Today's students can take back their freedom of expression, but will they have the guts to do so? Or will they continue to lament that "the man" doesn't allow them to say unpopular things?

Re:Freedom is not granted by the administration (1)

CodeBuster (516420) | about 2 years ago | (#42020619)

Today's students can take back their freedom of expression, but will they have the guts to do so? Or will they continue to lament that "the man" doesn't allow them to say unpopular things?
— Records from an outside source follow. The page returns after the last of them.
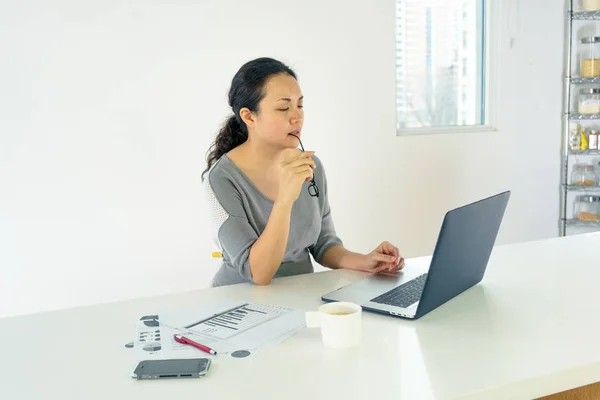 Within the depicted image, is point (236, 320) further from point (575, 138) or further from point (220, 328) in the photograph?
point (575, 138)

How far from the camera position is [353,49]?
11.0 ft

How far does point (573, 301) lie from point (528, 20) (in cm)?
289

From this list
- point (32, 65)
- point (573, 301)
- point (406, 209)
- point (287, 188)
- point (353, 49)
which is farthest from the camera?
point (406, 209)

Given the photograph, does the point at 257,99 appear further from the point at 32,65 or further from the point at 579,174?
the point at 579,174

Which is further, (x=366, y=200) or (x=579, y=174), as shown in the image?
(x=579, y=174)

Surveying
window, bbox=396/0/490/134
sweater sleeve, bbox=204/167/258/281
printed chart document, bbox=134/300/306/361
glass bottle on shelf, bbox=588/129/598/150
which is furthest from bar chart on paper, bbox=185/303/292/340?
glass bottle on shelf, bbox=588/129/598/150

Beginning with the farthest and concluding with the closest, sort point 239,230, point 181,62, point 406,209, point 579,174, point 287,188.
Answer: point 579,174, point 406,209, point 181,62, point 239,230, point 287,188

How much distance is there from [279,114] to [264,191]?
0.22 m

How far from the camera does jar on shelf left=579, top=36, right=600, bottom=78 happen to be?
371 centimetres

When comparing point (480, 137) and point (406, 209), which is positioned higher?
point (480, 137)

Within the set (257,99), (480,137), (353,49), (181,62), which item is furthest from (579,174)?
(257,99)

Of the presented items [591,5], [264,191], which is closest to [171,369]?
[264,191]

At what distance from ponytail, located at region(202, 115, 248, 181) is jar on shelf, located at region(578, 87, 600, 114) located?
263 centimetres

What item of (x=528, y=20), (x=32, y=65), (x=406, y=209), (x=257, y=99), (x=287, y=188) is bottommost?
(x=406, y=209) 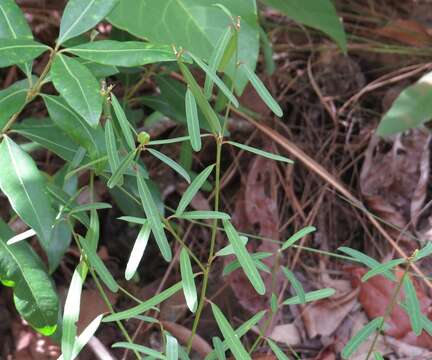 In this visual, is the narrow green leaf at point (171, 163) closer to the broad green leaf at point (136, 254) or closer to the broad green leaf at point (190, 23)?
the broad green leaf at point (136, 254)

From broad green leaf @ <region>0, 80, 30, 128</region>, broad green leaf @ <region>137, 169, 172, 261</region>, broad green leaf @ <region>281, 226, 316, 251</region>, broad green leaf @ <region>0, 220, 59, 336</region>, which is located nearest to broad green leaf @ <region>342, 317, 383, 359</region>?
broad green leaf @ <region>281, 226, 316, 251</region>

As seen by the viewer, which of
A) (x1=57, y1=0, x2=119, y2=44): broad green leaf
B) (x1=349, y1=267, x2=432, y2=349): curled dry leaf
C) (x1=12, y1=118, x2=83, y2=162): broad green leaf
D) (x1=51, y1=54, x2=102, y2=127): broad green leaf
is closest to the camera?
(x1=51, y1=54, x2=102, y2=127): broad green leaf

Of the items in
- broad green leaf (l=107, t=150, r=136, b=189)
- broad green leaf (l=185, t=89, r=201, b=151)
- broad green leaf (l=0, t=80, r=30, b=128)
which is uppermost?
broad green leaf (l=185, t=89, r=201, b=151)

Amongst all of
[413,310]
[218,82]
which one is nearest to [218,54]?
[218,82]

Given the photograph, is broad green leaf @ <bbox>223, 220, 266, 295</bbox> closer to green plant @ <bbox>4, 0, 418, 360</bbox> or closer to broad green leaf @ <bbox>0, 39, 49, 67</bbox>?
green plant @ <bbox>4, 0, 418, 360</bbox>

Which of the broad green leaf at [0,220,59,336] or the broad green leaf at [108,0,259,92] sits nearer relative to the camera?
the broad green leaf at [0,220,59,336]

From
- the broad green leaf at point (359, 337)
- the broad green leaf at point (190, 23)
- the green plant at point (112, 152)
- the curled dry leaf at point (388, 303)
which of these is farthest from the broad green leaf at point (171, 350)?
the curled dry leaf at point (388, 303)

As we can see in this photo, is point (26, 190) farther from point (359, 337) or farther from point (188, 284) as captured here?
point (359, 337)

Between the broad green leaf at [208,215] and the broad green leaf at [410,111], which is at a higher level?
the broad green leaf at [208,215] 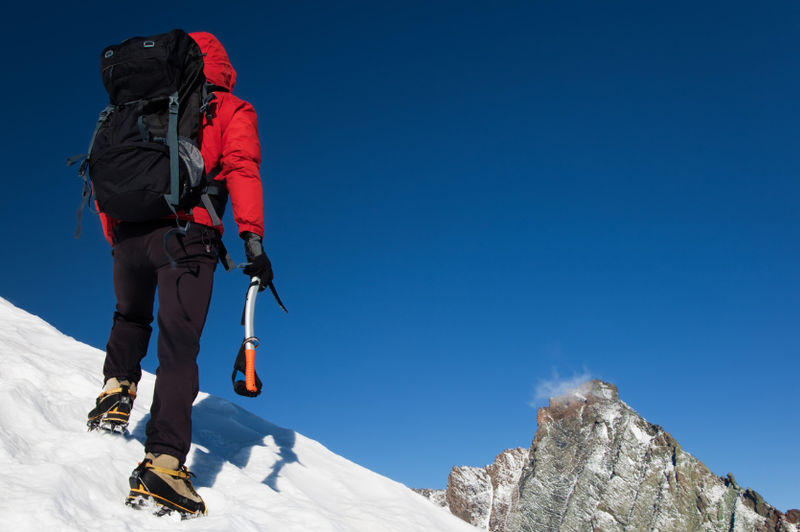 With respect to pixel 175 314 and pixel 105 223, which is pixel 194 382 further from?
pixel 105 223

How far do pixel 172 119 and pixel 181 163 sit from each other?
1.03ft

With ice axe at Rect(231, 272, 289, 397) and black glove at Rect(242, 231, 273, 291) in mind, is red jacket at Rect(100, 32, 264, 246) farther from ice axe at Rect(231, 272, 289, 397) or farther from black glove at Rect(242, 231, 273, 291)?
ice axe at Rect(231, 272, 289, 397)

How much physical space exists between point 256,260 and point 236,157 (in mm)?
774

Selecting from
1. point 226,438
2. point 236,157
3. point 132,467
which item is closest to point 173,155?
point 236,157

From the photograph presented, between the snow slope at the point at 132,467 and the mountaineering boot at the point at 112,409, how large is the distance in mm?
120

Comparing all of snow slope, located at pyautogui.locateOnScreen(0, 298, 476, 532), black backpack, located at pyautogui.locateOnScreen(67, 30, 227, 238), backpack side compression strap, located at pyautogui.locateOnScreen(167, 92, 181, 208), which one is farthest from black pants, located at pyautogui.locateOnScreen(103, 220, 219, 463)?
snow slope, located at pyautogui.locateOnScreen(0, 298, 476, 532)

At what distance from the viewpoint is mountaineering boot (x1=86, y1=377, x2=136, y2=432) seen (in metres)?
3.91

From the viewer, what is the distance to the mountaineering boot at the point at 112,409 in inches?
154

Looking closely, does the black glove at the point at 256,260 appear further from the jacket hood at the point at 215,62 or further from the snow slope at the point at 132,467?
the snow slope at the point at 132,467

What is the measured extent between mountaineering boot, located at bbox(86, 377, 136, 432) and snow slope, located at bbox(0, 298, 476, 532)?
4.7 inches

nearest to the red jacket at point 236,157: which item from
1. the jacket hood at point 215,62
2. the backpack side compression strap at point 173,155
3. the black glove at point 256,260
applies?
the black glove at point 256,260

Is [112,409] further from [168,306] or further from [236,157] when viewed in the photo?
[236,157]

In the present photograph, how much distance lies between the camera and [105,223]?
3979mm

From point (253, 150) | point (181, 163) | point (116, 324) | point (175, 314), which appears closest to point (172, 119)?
point (181, 163) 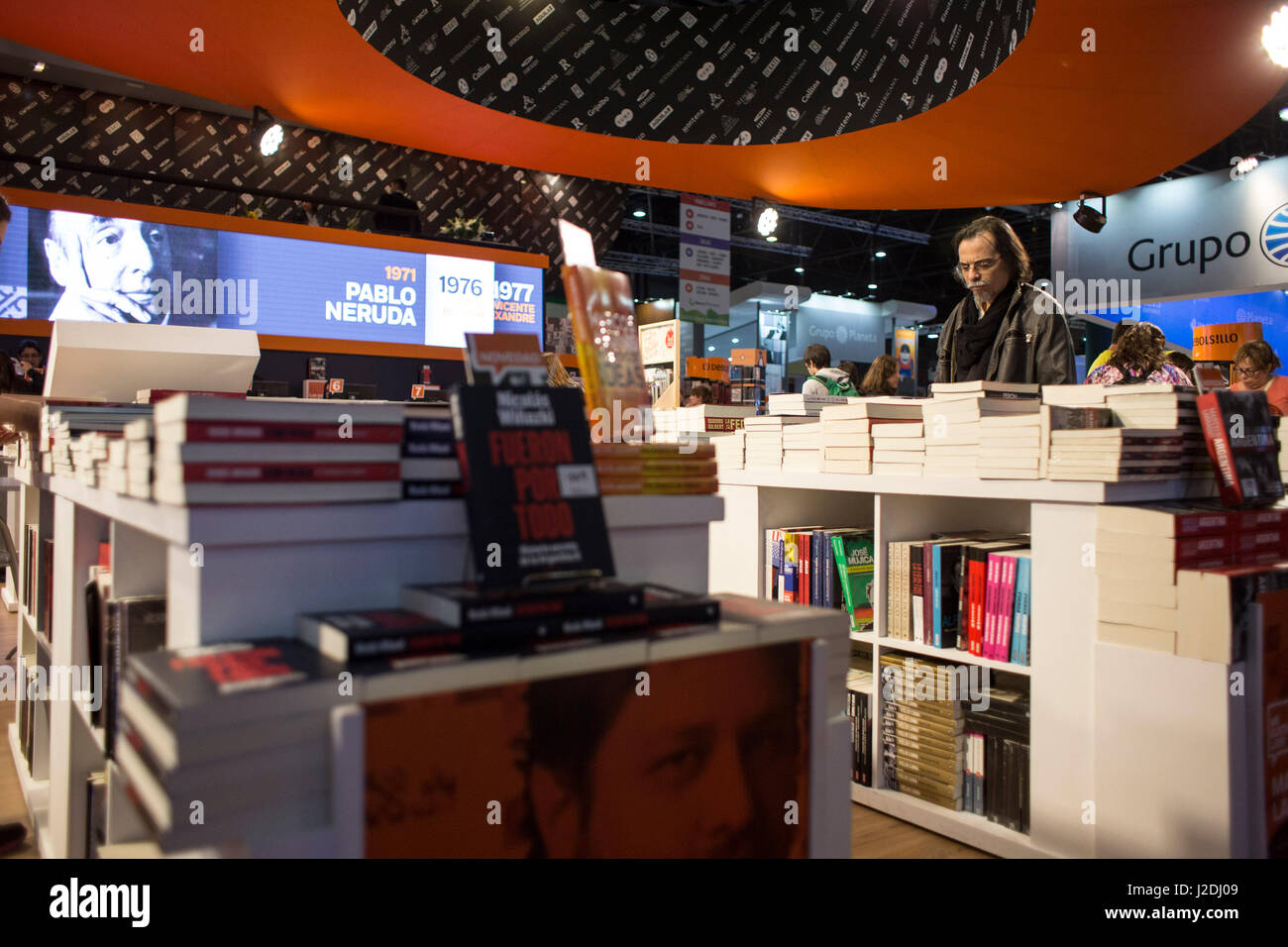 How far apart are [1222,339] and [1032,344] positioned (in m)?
5.63

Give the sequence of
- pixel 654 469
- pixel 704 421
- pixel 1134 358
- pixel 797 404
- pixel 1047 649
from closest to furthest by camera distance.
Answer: pixel 654 469 → pixel 1047 649 → pixel 797 404 → pixel 1134 358 → pixel 704 421

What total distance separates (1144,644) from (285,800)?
77.0 inches

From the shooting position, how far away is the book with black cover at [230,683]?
0.89 m

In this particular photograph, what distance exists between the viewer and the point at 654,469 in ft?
4.97

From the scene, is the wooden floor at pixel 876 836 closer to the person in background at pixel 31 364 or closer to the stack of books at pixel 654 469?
the stack of books at pixel 654 469

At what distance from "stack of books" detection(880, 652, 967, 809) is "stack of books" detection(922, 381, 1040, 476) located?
25.5 inches

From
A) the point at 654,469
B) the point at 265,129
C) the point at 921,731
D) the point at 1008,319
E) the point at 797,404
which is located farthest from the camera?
the point at 265,129

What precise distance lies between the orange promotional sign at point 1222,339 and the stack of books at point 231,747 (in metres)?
7.88

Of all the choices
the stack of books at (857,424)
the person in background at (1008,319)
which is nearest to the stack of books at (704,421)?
the stack of books at (857,424)

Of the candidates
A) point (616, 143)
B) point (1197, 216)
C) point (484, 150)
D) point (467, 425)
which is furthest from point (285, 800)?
point (1197, 216)

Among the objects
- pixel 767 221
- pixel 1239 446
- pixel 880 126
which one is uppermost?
pixel 880 126

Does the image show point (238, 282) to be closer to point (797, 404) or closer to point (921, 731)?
point (797, 404)

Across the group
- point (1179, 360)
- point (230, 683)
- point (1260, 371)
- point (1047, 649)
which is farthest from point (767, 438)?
point (1260, 371)

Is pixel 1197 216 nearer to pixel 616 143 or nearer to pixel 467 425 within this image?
pixel 616 143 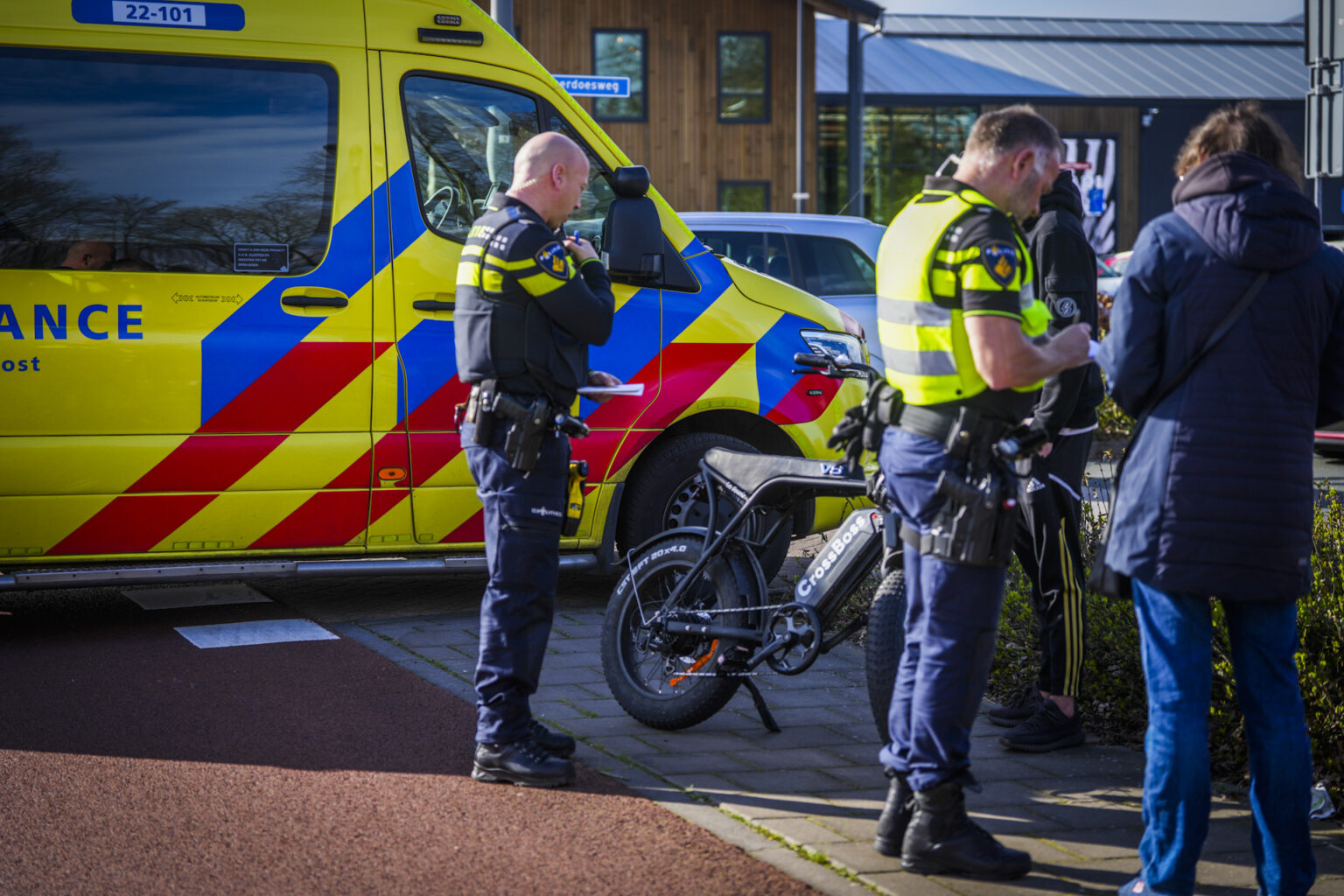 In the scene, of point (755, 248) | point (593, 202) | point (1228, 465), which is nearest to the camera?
point (1228, 465)

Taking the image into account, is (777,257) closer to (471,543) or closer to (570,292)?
(471,543)

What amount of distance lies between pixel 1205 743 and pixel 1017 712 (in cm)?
166

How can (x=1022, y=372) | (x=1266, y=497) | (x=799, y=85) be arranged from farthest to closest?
(x=799, y=85) < (x=1022, y=372) < (x=1266, y=497)

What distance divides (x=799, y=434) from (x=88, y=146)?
329 cm

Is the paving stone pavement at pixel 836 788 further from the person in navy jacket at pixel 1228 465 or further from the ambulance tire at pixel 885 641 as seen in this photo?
the person in navy jacket at pixel 1228 465

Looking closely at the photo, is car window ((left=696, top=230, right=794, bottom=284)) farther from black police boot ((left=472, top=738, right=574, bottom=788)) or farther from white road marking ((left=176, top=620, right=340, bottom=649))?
black police boot ((left=472, top=738, right=574, bottom=788))

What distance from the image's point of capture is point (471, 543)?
255 inches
And how can they do that when their fellow students continue to play the role of Judas, siding with the administration and perpetuating the condescending liberal attitudes and beliefs which led to the present situation in the first place? The students who support limiting speech to avoid hurting feelings are fools, but unfortunately for the rest of us they aren't stupid and so remain the useful idiots of the administration and faculty who support these asinine policies out of intellectual laziness and lack of character.

Re:Freedom is not granted by the administration (1)

roc97007 (608802) | about 2 years ago | (#42020691)

You do it, and then you stand by it, damn the consequences. That's how it was done in the sixties, and there was collateral damage at first.

But you need the courage of your convictions, and I'm not sure the current crop of students can muster that.

Re:Freedom is not granted by the administration (1)

DoofusOfDeath (636671) | about 2 years ago | (#42020727)

The administration owns the property, and can use the police to remove students they don't want there.

The students have no such power, at least not on short notice. (They can perhaps get injunctions, but that takes time and money. Campus police can be less... deliberate.)

Ideology replaced culture (1)

hessian (467078) | about 2 years ago | (#42020299)

We have outsourced our own brains and the decisions normally made by cultural mores to ideology.

Ideology is a type of political theory that we assume is true, so we crusade toward it in the name of Progress and Utopia.

Naturally, because it is a theory, it's unstable. In fact, there is often proof against it. But its adherents cling to it even more, because it provides for them an identity separate from their real-world identity.

However, this instability leads to it having a need: as a symbol, it must prevail over other symbols. Thus it is intolerant of them, but in the name of tolerance itself.

Re:Ideology replaced culture (0)

Anonymous Coward | about 2 years ago | (#42020675)

It goes a step further. Ideology clung to to an infinite degree becomes a de facto religion. This phenomenon can be seen when an essentially Marx-worshipping person campaigns against students voluntariiy meeting to practice their religion on public school grounds but finds no problem with "Das Kapital" in the school library.

Meaning of education (1)

gmuslera (3436) | about 2 years ago | (#42020311)

Students should learn what they will face later in the real world. Knowing how things are going, i'd say that it complies with that mission.

SEND MONEY TO FIRE. PUT YOUR MONEY WHERE YOUR M (0)

Anonymous Coward | about 2 years ago | (#42020333)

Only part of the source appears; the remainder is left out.